I’m always intrigued by this day. Not because we are so far removed from the event that this day celebrates, but more because of some of the… odd stuff… that we do because it is Thanksgiving. It all starts really early in the day… sometimes as early as 4 AM for some. That’s when the oven needs to start heating so you can cook your turkey from frozen to fabulous in 8-10 hours.
Now, this poor appliance that we loving refer to as “the oven” or, more appropriately, the cremation chamber as the case may warrant, is going to have a busy day. In one day, it cooks a four course dinner including the main course (turkey, of course), all side dishes (green-bean casserole and dinner rolls, anyone?) and great gory gobs of desserts (“Do you want pumpkin pie or pecan pie?” “Yes!”). All of this hubbub begins roughly between 4 and 6 AM and continues until the dinner is over some 8 hours later. Now, I usually don’t have emotional reactions regarding my appliances, but this almost seems like cruel and unusual punishment.
After the commencement of this flogging of the appliances, we have this very odd display known as the Macy’s Parade. For some reason, Macy’s retail stores sees fit to host an entire parade on Thanksgiving Day……… to celebrate Christmas? If that wasn’t bad enough, the tradition has now spread to every corner of the nation. Not only are scores of people waking up early on Thanksgiving Day to watch a parade celebrating Christmas… but now many a city have their OWN Thanksgiving Parade to celebrate Christmas.

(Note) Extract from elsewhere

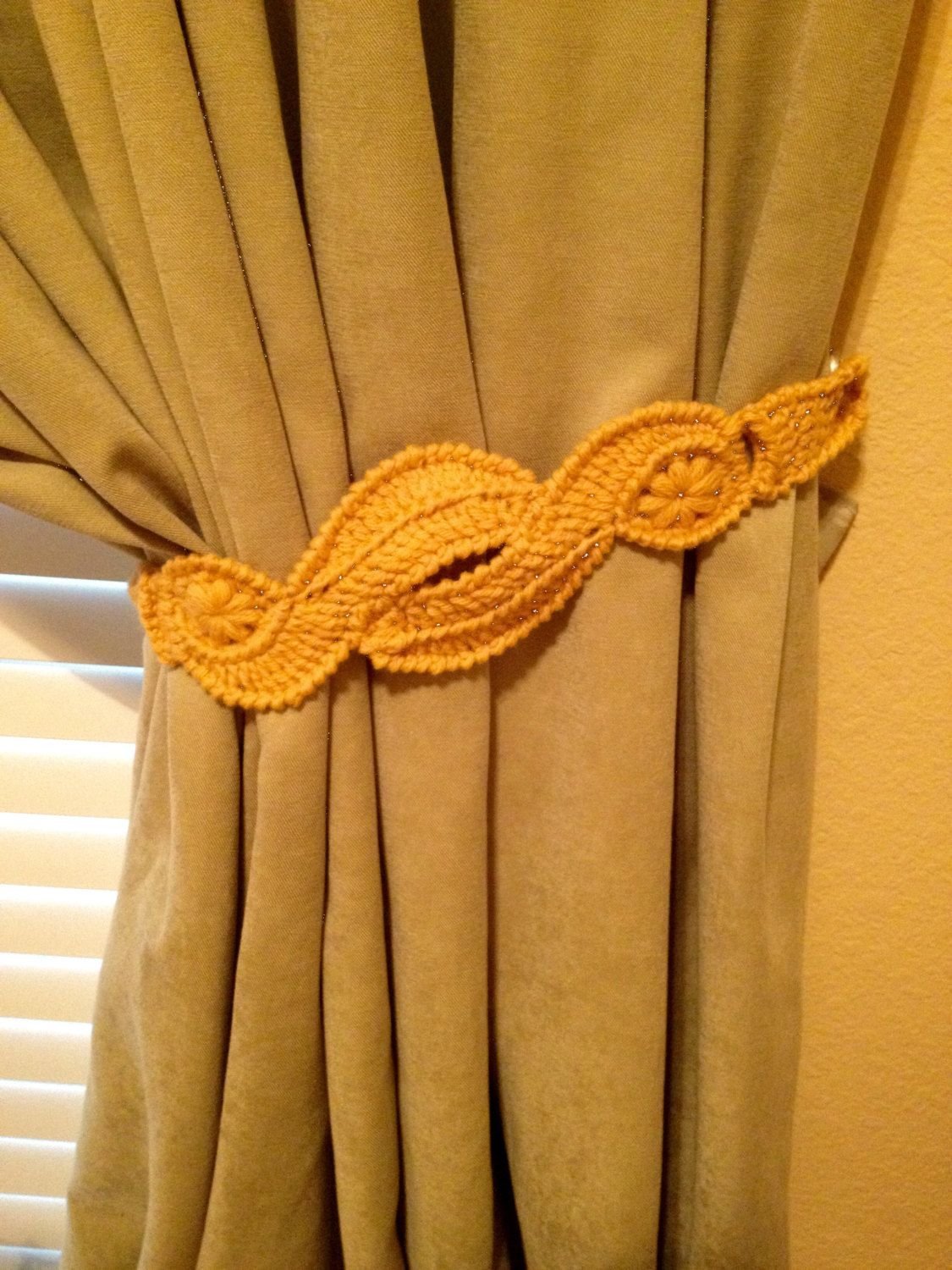 Подхват для желтых штор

Following the parades, we then come to the next tradition of this “All-American Holiday”… football. It started some 74 years ago in Detroit as a way to promote professional football as “more important” than College football (even though College football is arguably more interesting to watch) and has managed to just kind of hang around since. 32 years after the first game in Detroit, the Dallas Cowboys got in on the act, and within the last decade the NFL has seen fit to add a third game between two teams to be named later. So on a holiday to thank God for a bountiful harvest and to thank the Indians for showing us how to cultivate corn… millions of us crowd around our televisions in our own homes to watch a bunch of over-paid overweight guys beat the $#!^ out of each other and eat a six legged “turkey” courtesy of Fox Sports.
Usually, by the end of the Lions game your turkey is properly singed for the eating. So out of the oven it comes, and we eat it promptly between 3 pm and 4 pm when almost no one in their right mind is actually hungry. In fact, we let ourselves go hungry at noon specifically so that we could pork out three hours later… after the hunger pains have decided to wait to kill us until 7 pm. So, after chowing on enough calories to last you for an entire week and thinking at least once about hurling your green bean casserole until you see your toes coming out your mouth… midnight rolls around… leftovers begin calling your name from the fridge… you want to resist, but your guts are complaining to you enough that you can’t sleep anyway—you get out of bed to “walk it off” and then “wander” right by the fridge… the door “mysteriously” pops open… and you suddenly remember how amazing that turkey was once you got past the charcoal on the outside… Well, you shouldn’t let it go to waste……… an hour later, you are asking God to take you now. Oh, and five hours later, you find yourself in line at your local retailer to laugh at all the odd people who are turning into raving lunatics over Tickle-me-Elmo and “Transformers” actions figures.
That being said, no matter where on the timeline you find yourself today, have a happy Christmas-wannabe… uh… Thanksgiving!